Your Chinese students, across all levels, should be able to understand this rule. If there is any confusion, you could draw pictures on the blackboard or even act it out.
Rule 2. Don’t be afraid to exit a student
Most schools have their own policies when it comes to exiting students, so be sure to adhere to the school’s regulations when teaching in China.
Some schools do frown upon it, but many support this strategy. When I send a student out (on the third strike), I expect them to wait outside the door until I privately speak to them.
After about five minutes, the student will have had the chance to cool down, and reflect upon their actions.
I ask the student, ‘Why did I send you outside?’ or ‘What were you doing wrong?’ The student has the chance to acknowledge their misbehavior. I then explain to the student the behavioral concern I had with them, and the kind of attitude I want them to model.
Rule 3. Always follow through
Have you ever said something like ‘the next person who talks will have a lunchtime detention with me’, and then never followed through with it? Even when a student has misbehaved?
We are all guilty of this. When you issue an instruction, you must be willing to follow through. If you do not, students will exploit this.
Students have a very good (albeit convenient) memory, and will take notice of the times when you do not put your words into actions.
Rule 4. Become angry
This isn’t a bad thing, unless of course you’re the Hulk!
I find students pay attention when they are being yelled at. Students in China are no exception.
I’ve met some teachers who said ‘I didn’t know I could get angry.’ We are all human after all, and sometimes we have to yell to show students our concerns.
If you are yelling at the whole class, be sure to acknowledge those who have not done wrong. When doing so, comment how proud you are of them (you don’t have to mention names, just say ‘you know who you are’).
Telling misbehaving students how disappointed you are will often get their attention. Even the most troublesome teenager wants to be liked by their teachers.
As the language barrier can be a problem when you’re teaching in China, use words that the student will understand. Body language goes a long way too.
At the same time, don’t get in the habit of yelling. I observed one class recently where a student asked me, ‘Why is our teacher yelling at us?’ Sometimes yelling is best used as a last resort, when multiple students are not following instructions.
Rule 5. Tactically ignore
If we were to punish every behavioral issue we encountered in our classrooms when teaching in China, there would be no room for teaching whatsoever.
If after you have issued a misbehaving student with a punishment, and they mumble something beneath their breath, or roll their eyes, it is best not to engage.
Teenagers typically want to have the last word, and it is not advisable to continue punishing them for the little things.
Rule 6. Contact the coordinator
Again, schools in China have their own policies when it comes to involving the coordinator in matters concerning misbehaving students.
If you’re really concerned with a student’s behaviour, escalate it to the year-level coordinator. When doing so, highlight what the student has done well before discussing areas that need improvement.
In serious cases, the coordinator may contact the child’s parents.

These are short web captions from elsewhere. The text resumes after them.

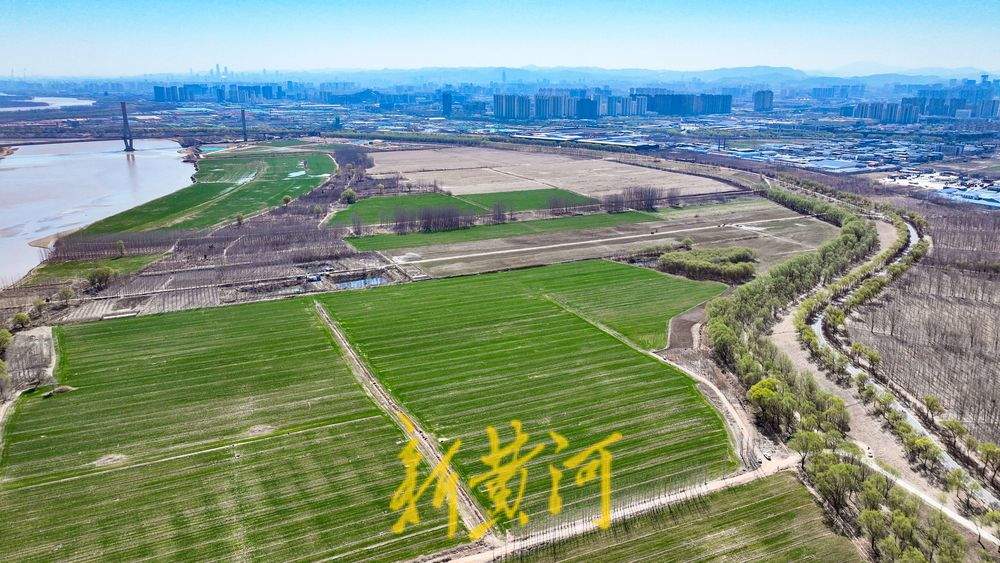 大地回春，黄河生态廊道生机勃勃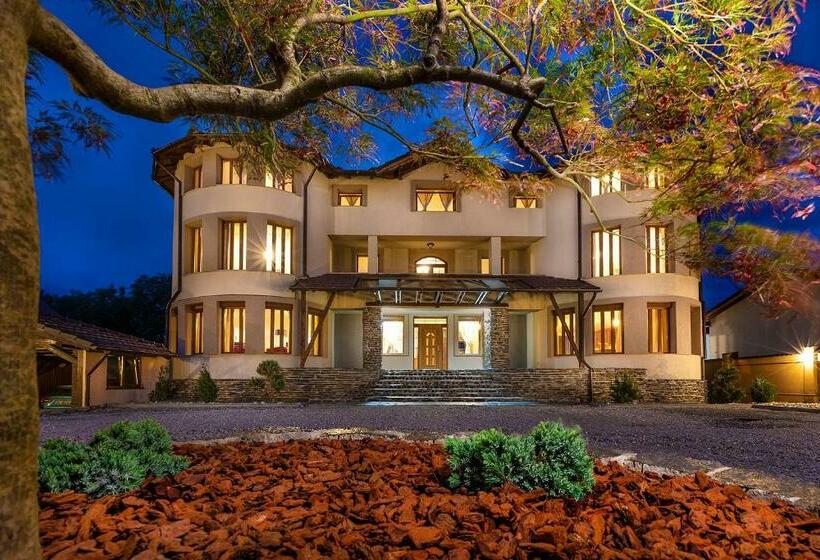 پانسیون Transilvania Mansion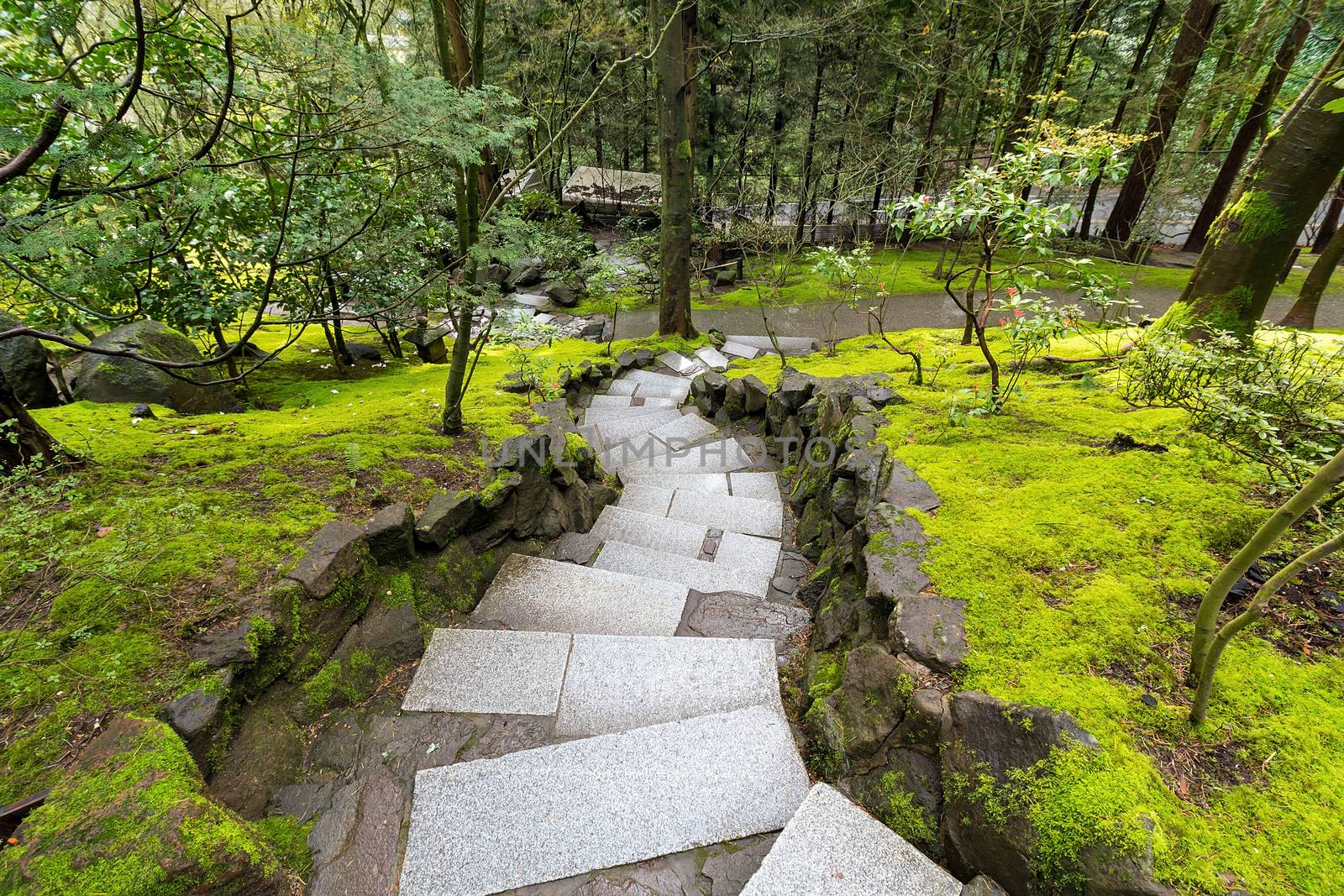 Granite Stone Steps along Mossy Green Landscape by jpldesigns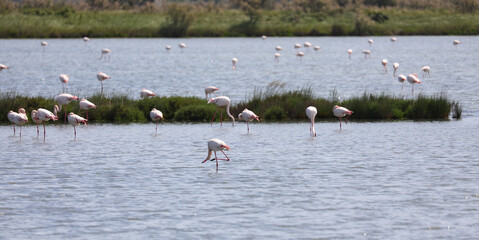 pink flamingos forage for food in the water of  pond while others rest on one leg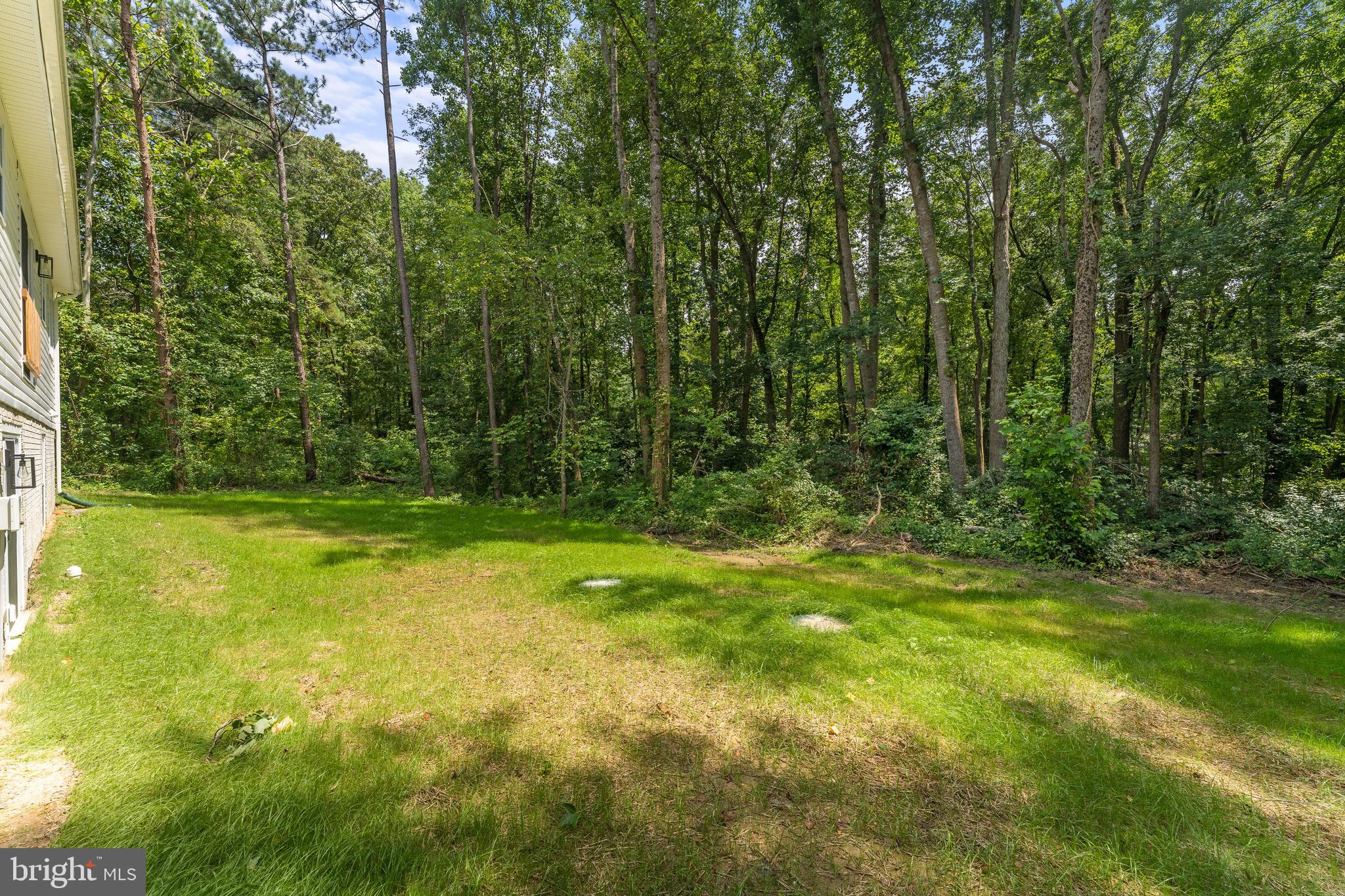 10038 Bear Lane Ruther Glen, VA 22546 - Photo 54 of 55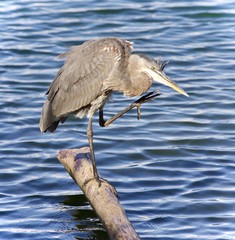 Image of a great blue heron cleaning feathers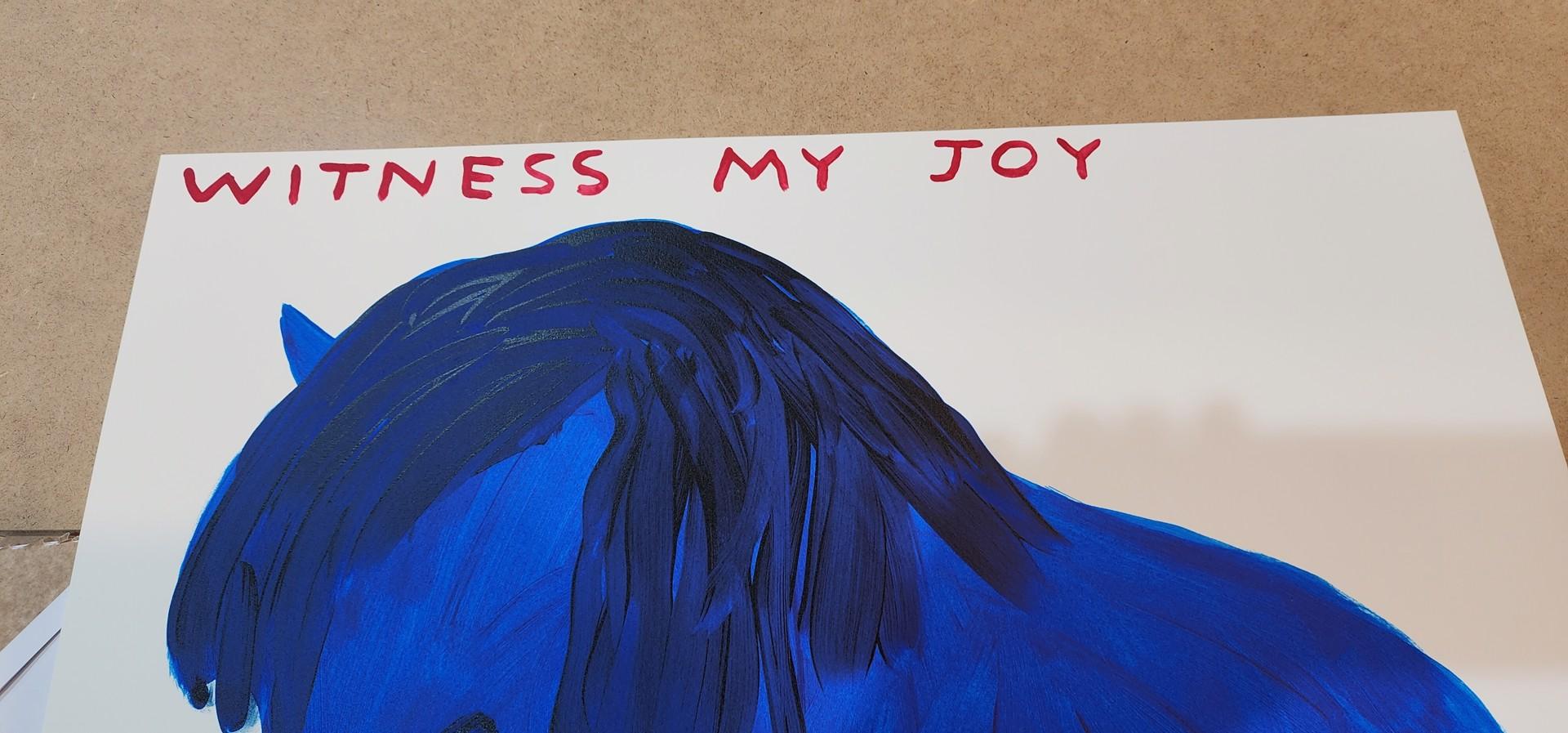 Witness my Joy, 2022, Siebdruck in limitierter Auflage von David Shrigley im Angebot 2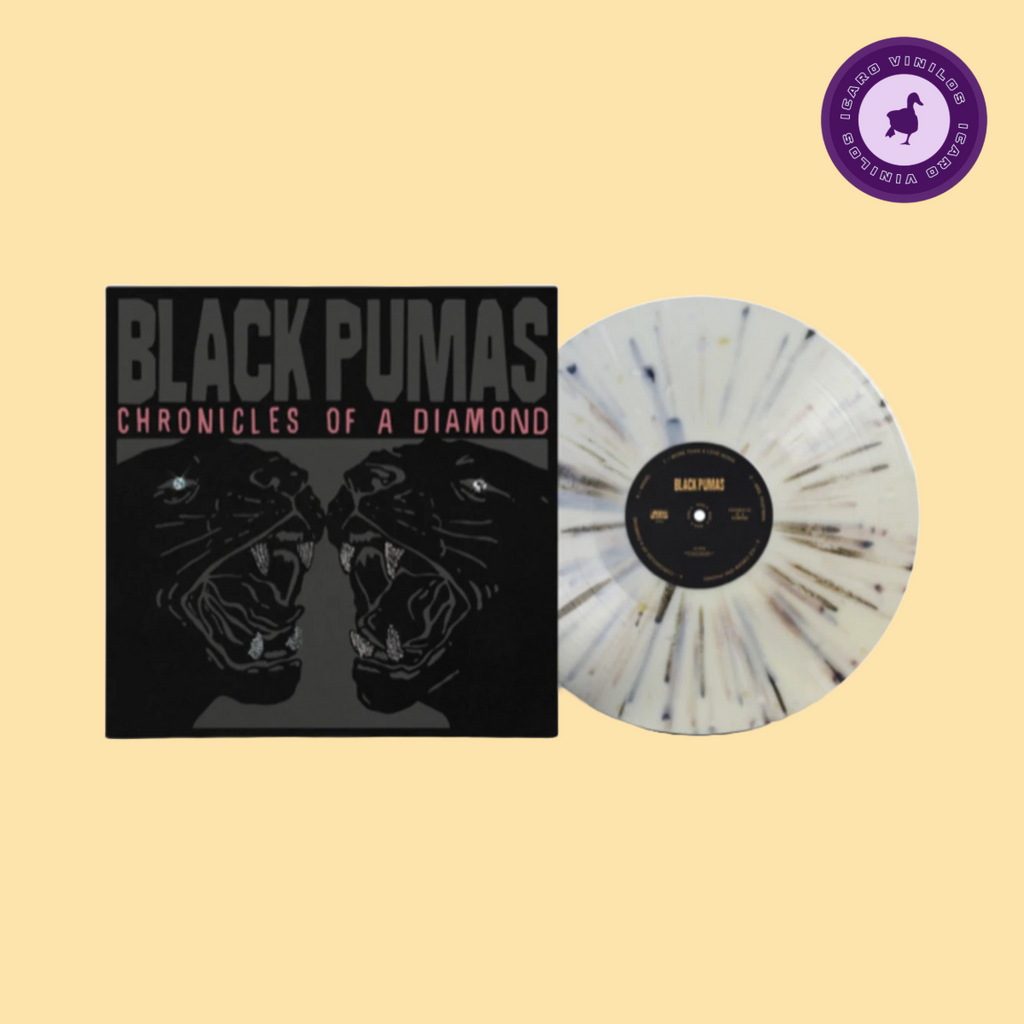 Chronicles of a Diamond - Black Pumas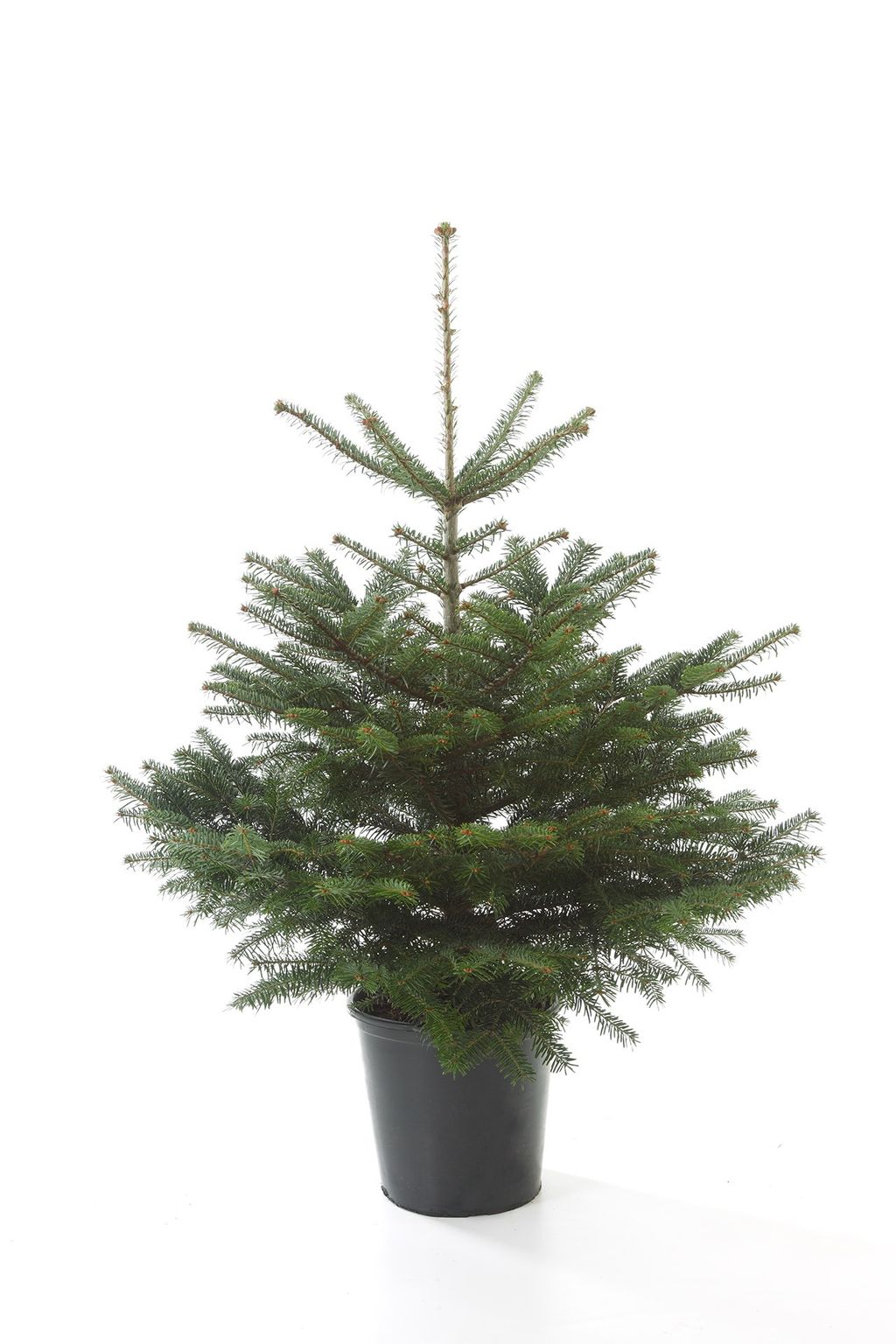 Potgrown Nordmann Fir Guide to Buying Real Christmas Trees | Christmas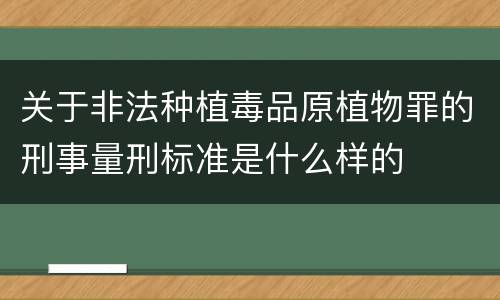 关于非法种植毒品原植物罪的刑事量刑标准是什么样的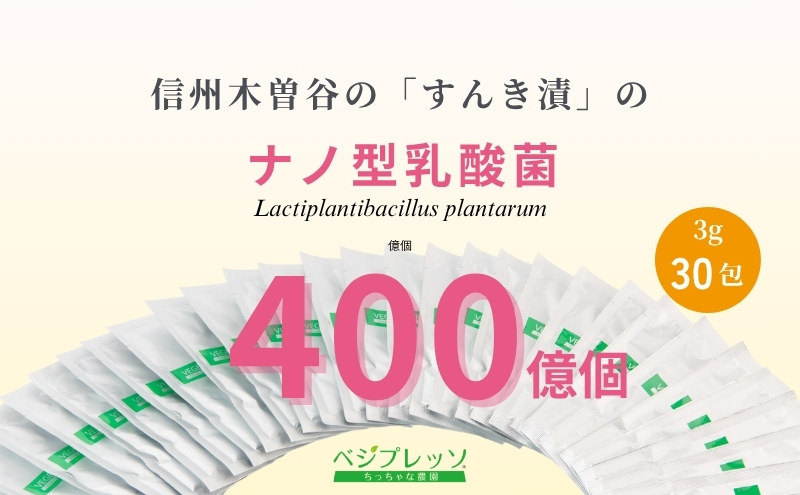【無添加青汁】乳酸菌青汁400（3g×30包）2個セット 野菜不足 食物繊維 自然素材 添加物不使用 植物性乳酸菌 国産 大麦若葉 ブロッコリー 小松菜 ほうれん草 植物繊維 駒ヶ根市
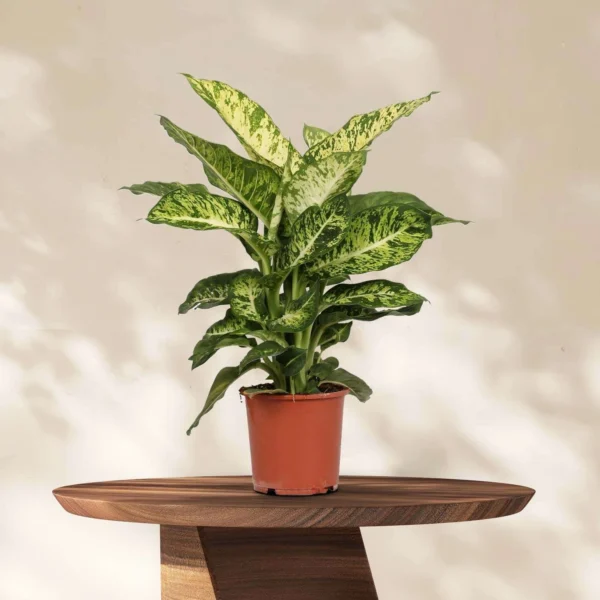Vạn Niên Thanh Mars (Dieffenbachia Mars)
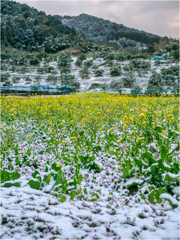 菜の花に雪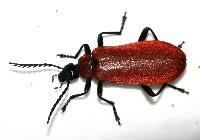 Attēlu rezultāti vaicājumam “Pyrochroa coccinea”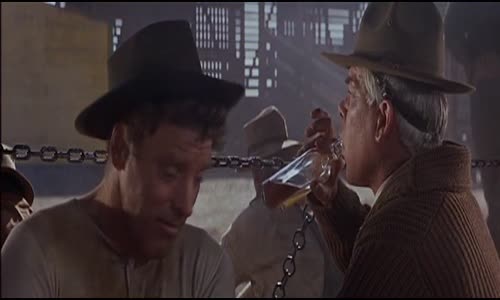 Profesionálové (Burt Lancaster,Lee Marvin,Robert Ryan-1966 Western-Bdrip -1080p ) Cz dabing mp4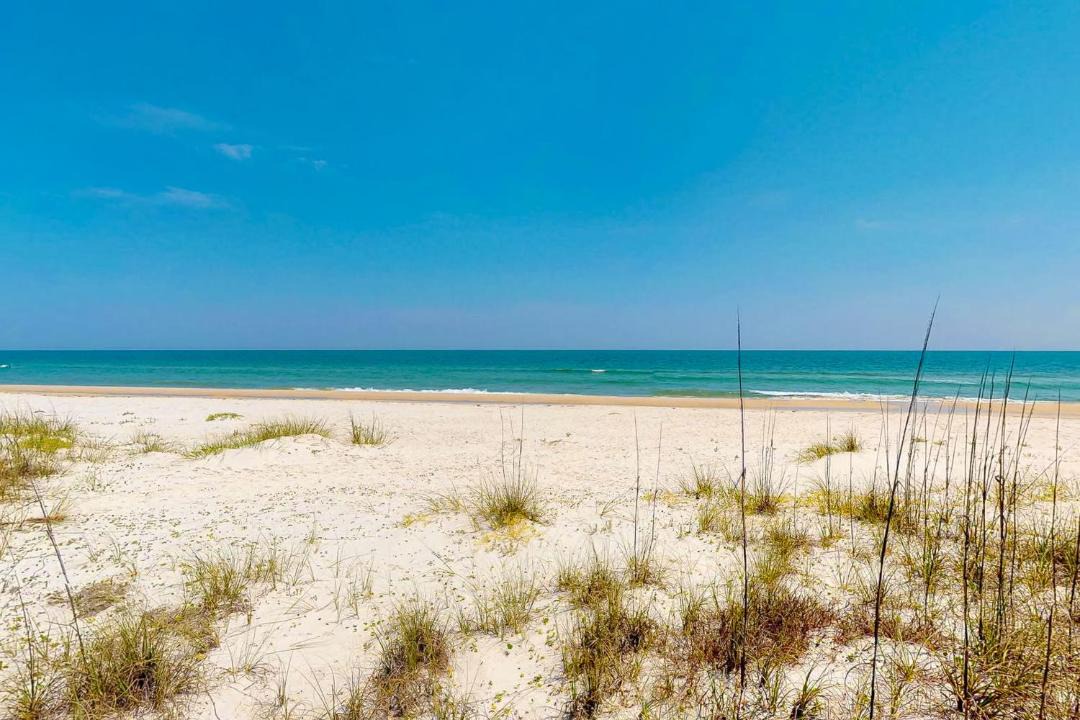 Photo of Outdoor in Plantation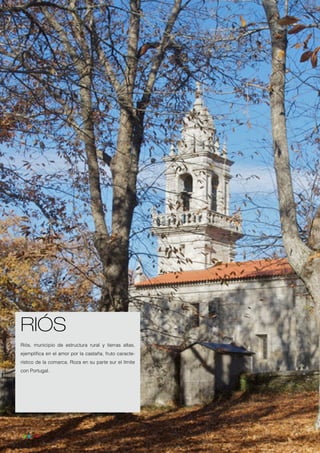 RIÓS
     Riós, municipio de estructura rural y tierras altas,
     ejemplifica en el amor por la castaña, fruto caracte-
     rístico de la comarca. Roza en su parte sur el límite
     con Portugal.




34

Chinese parents are known for being especially pushy and wanting their child to do well in all areas of their education. They should be glad to be kept informed about the progress of their child.
Experiment with the rules
The strategies I have discussed are some that have worked for me when experiencing serious behavioral concerns.
Behavioral management can be very ‘hit and miss’ – there is no blanket strategy that will work for all students, and often it’s about experimentation. So while you’re teaching in China, just try to do your best!
Just be sure the student knows that regardless of what happens, you like them as a person. Though poor behavior gets in the way of learning, if a student feels a teacher hates them, this can be equally detrimental.